Asian Application Developer's Guide

Extended UNIX Code (EUC)

Asian Solaris software implements Extended UNIX® Code (EUC) specified by the SVR4 Multi-National Language Supplement (MNLS), which follows the pattern of ISO 2022 standards. Four single-byte and multibyte codesets can be represented in EUC at both the process level and the file level.

EUC is used as file code for storing data and internally in the CPU and RAM memory. It is composed of one or more bytes and may be accompanied by single-shift characters.

EUC Definition

EUC is composed of one primary codeset and three supplementary codesets. The primary codeset, codeset 0, is used for ASCII. The three supplementary codesets (codesets 1, 2, and 3) can be assigned to different character sets by the user. There is a system default assignment for these codesets.

The primary codeset is defined to use single bytes with the most significant bit (MSB) set to zero. The supplementary codesets can use multiple bytes, and the MSB of each byte is set to one. Codesets 2 and 3 have a preceding single-shift character, known as SS2 (0x8E) in codeset 2 and SS3 (0x8F) in codeset 3. Differentiating between codesets is done as follows: If the MSB is 0, the code is one-byte ASCII. If the MSB is 1, the byte is checked (SS2 or SS3) to determine which codeset it belongs to.
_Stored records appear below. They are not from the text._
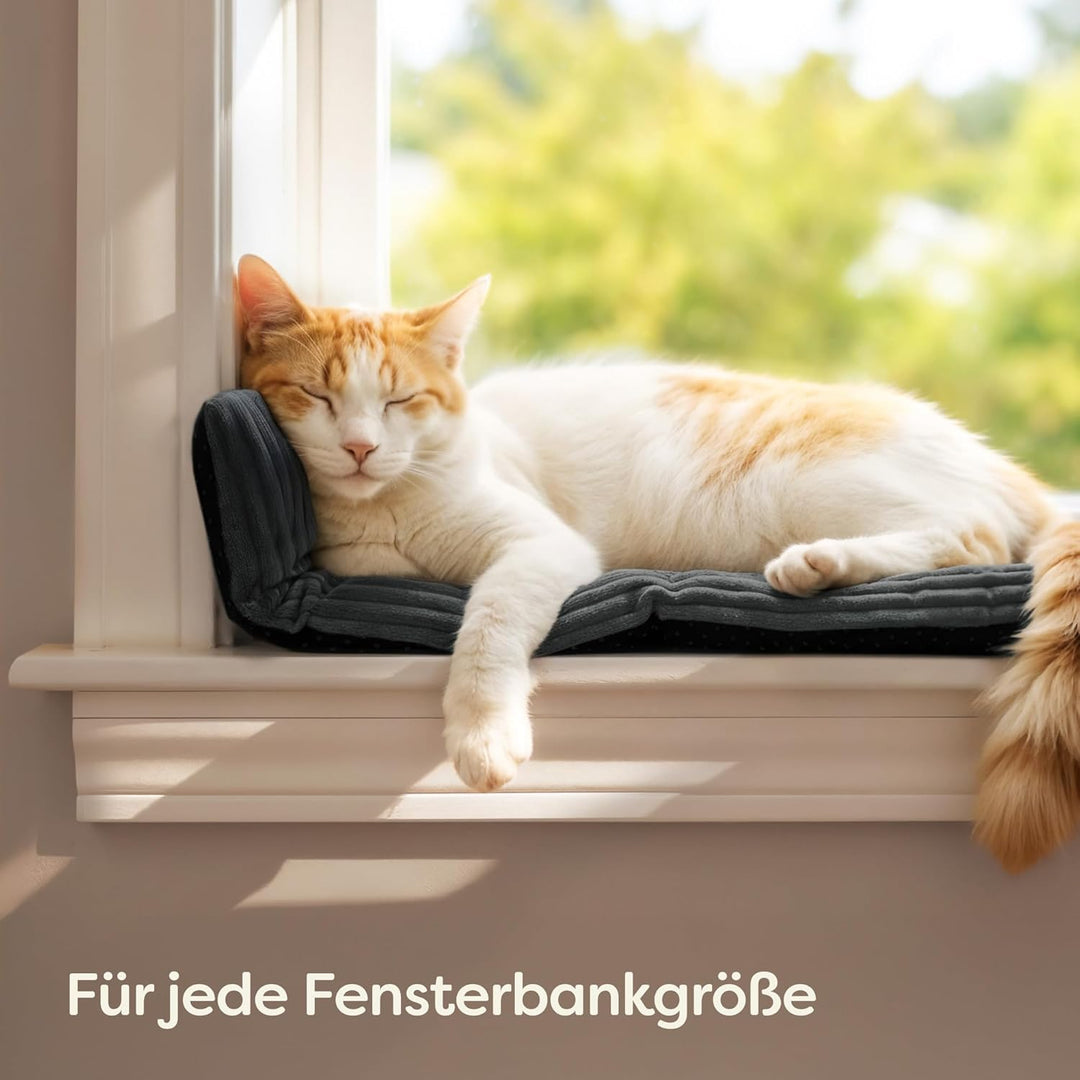 Fensterbank Katzenliege 90 x 28 cm - Selbstwärmende ohne Strom - Weich & Geräuschdämpfend – Waschbar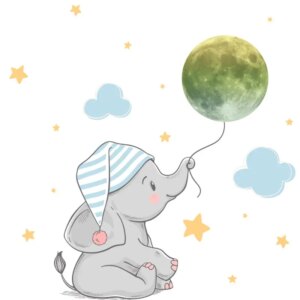 Sød selvlysende wallsticker med en lille elefant unge der holder månen i en snor. Lille. 18 stk. -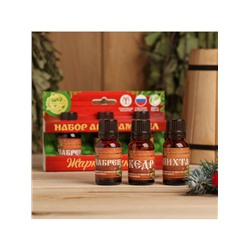 Новогодний набор эфирных масел «Жаркой баньки!», пихта, кедр и чабрец, 3 шт. по 15 мл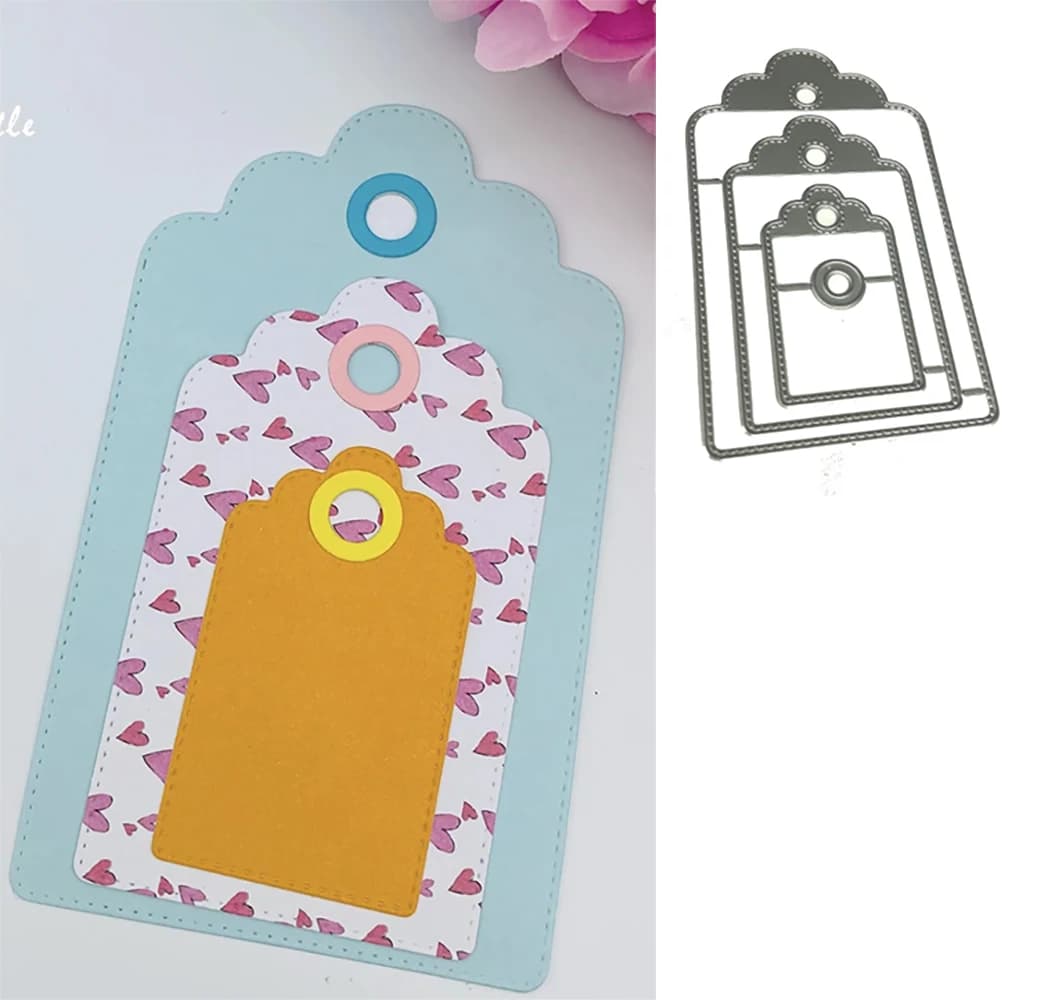 Alinacutle Metal Cutting Die Cut Etched Dies 3Pcs Tag Set Scrapbooking Paper Craft Album Handmade Stencil Punch Art Cutter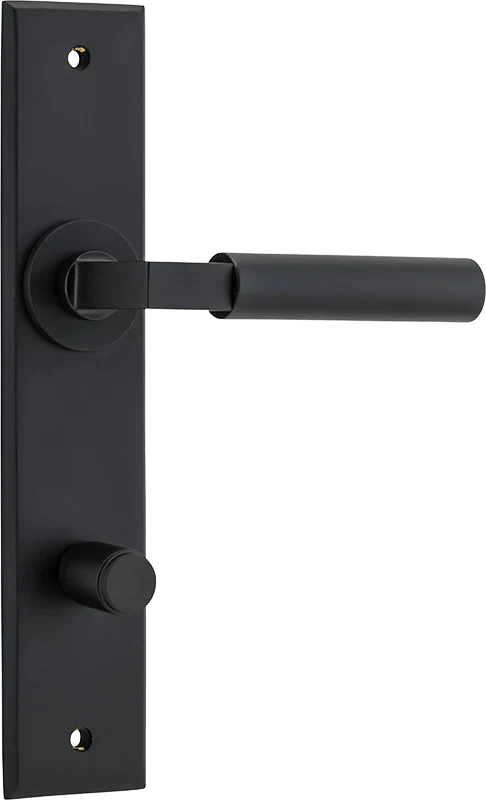 Berlin Lever - Chamfered Backplate - Entry Point - Iver - Matt Black - Door Levers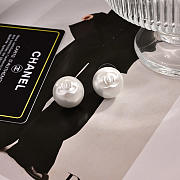 Chanel Stud Earrings White Pearl  - 1
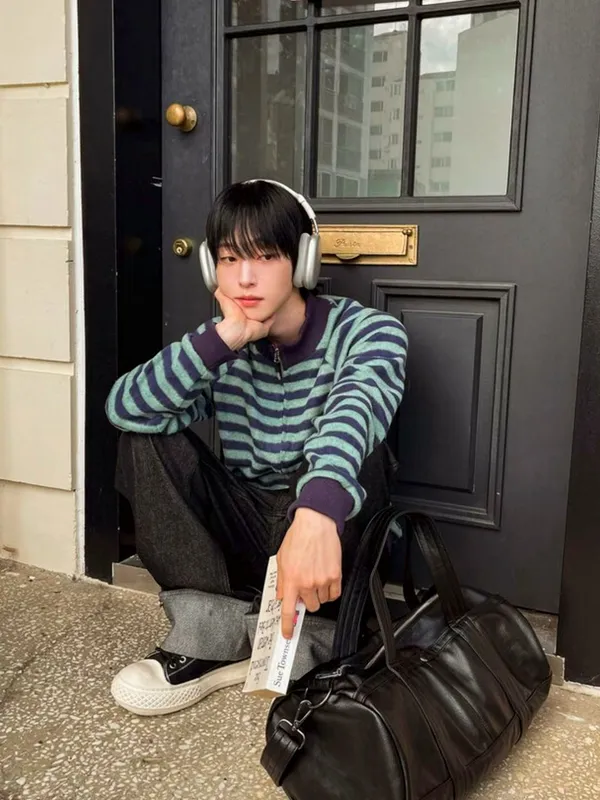時尚條紋男士上衣，舒適休閒風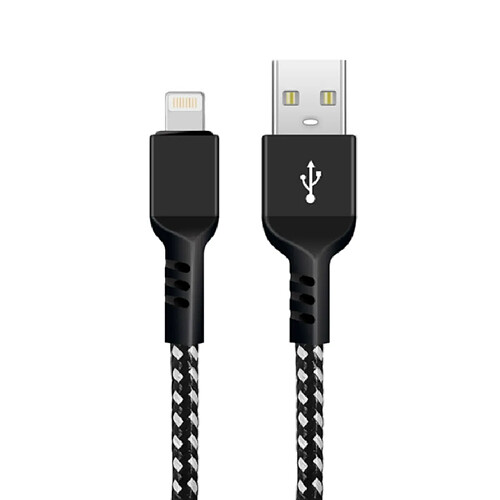 Câble pour iPhone Maclean, supporte la charge rapide 2.4A, transfert de données, 5V/2.4A, noir, longueur 2m, MCE481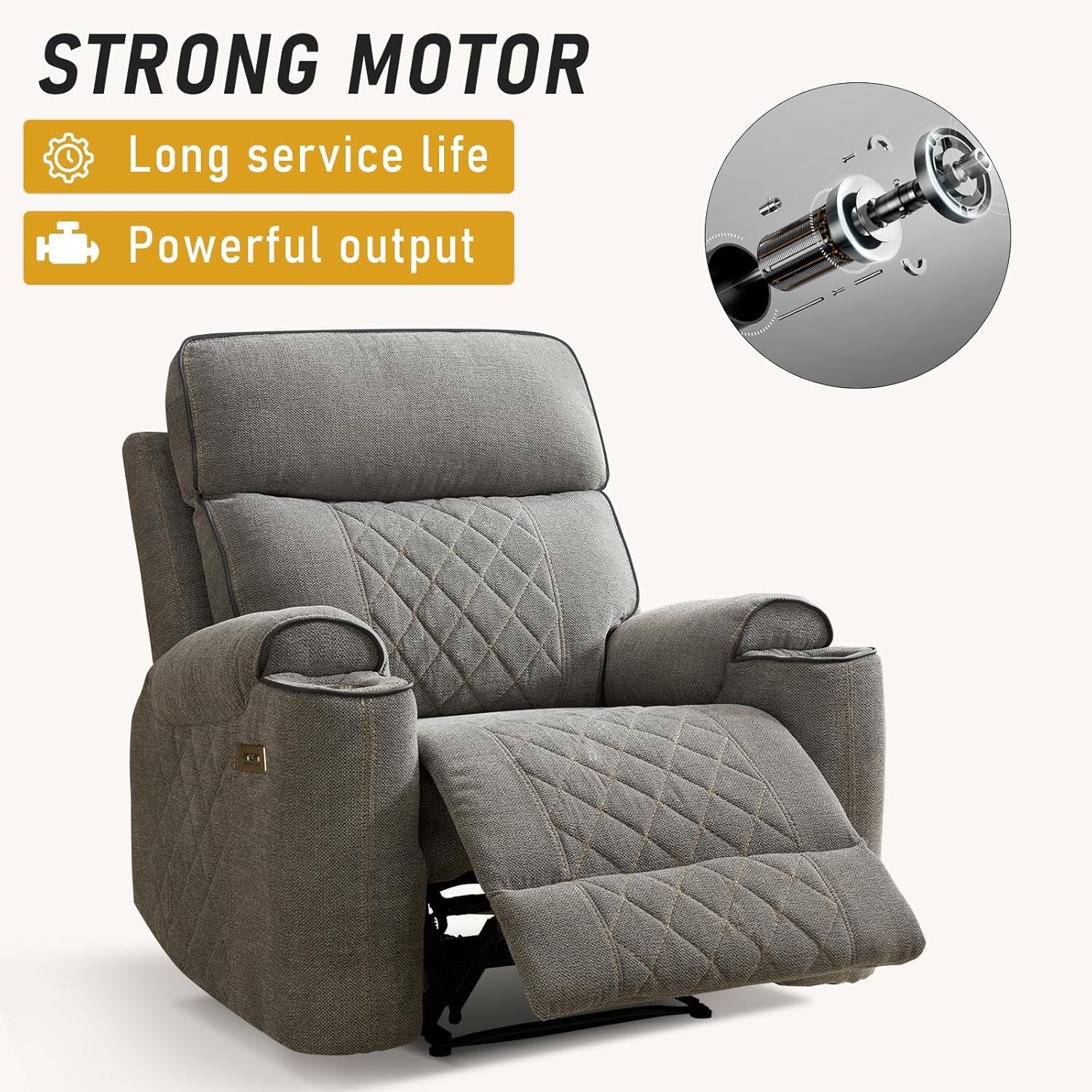 Electric Recliner Chair With USB Charging And Cup Holders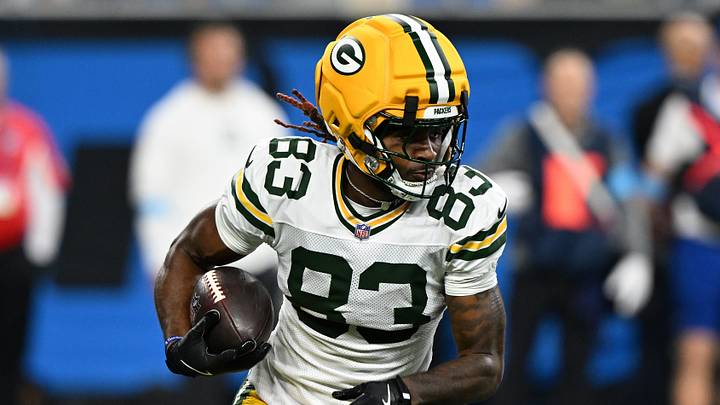 Green Bay Packers wide receiver Savion Williams (83) carries the ball during the second quarter against the Detroit Lions at Ford Field. Mandatory Credit: Lon Horwedel-Imagn Images Green Bay Packers wide receiver Savion Williams (83) carries the ball during the second quarter against the Detroit Lions at Ford Field. Mandatory Credit: Lon Horwedel-Imagn Images
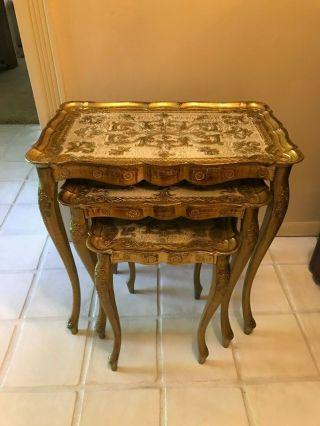 Vintage Trio Nesting Accent Tables Gold Hollywood Regency Style Florence Italy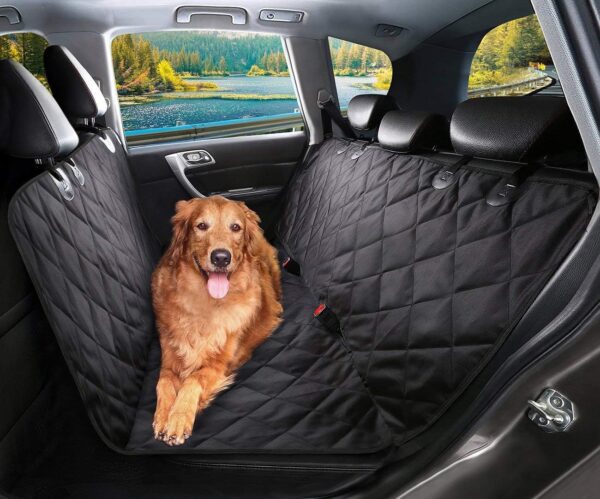 Dog Car Seat Cover, SHINE HAI Waterproof & Scratch Proof & Nonslip Back Seat Cover, Dog Travel Hammock with Seat Anchors, Machine Washable, Durable, Universal fits All Cars, Pet Cover(Black) - Image 2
The length in bytes of characters from that codeset is retrieved from an ANSI localization table governing character classification, and that number of bytes is read in.

Table 2-1 EUC Codeset Representations

Codeset  

EUC Representation  

codeset 0  

0xxxxxxx  

codeset 1  

1xxxxxxx -or-  

1xxxxxxx 1xxxxxxx -or-  

1xxxxxxx 1xxxxxxx 1xxxxxxx  

codeset 2  

SS2 1xxxxxxx -or-  

SS2 1xxxxxxx 1xxxxxxx -or-  

SS2 1xxxxxxx 1xxxxxxx 1xxxxxxx  

codeset 3  

SS3 1xxxxxxx -or-  

SS3 1xxxxxxx 1xxxxxxx -or-  

SS3 1xxxxxxx 1xxxxxxx 1xxxxxxx  

EUC Special Characters

In accord with ISO 2022 and ISO 6937/3, EUC divides the codeset space into graphic and special characters. Graphic characters are those that have a glyph or shape that can be displayed. Special characters include Control characters, unassigned characters, and the Space and Delete characters. Control characters are characters, other than graphic characters, whose occurrence in a particular context initiates, modifies, or stops a control operation.

Table 2-2 Single-Byte Special Character Representations

Special Character  

EUC Representation 

Space 

00100000 

Delete 

01111111 

Control codes (Primary) 

000xxxxx 

Control codes (Supplementary) 

100xxxxx 

Wide Character (WC)

The wide character (WC) is defined in Asian Solaris software to be a constant-width four-byte code. It provides a standard character size, which is useful in indexing, interprocess communication, memory management, and other tasks that use character counts and known array sizes.


Note -

Wide characters are intended for internal processing only. Applications should not depend on the wide character implementation, but use standard library APIs to handle wide characters.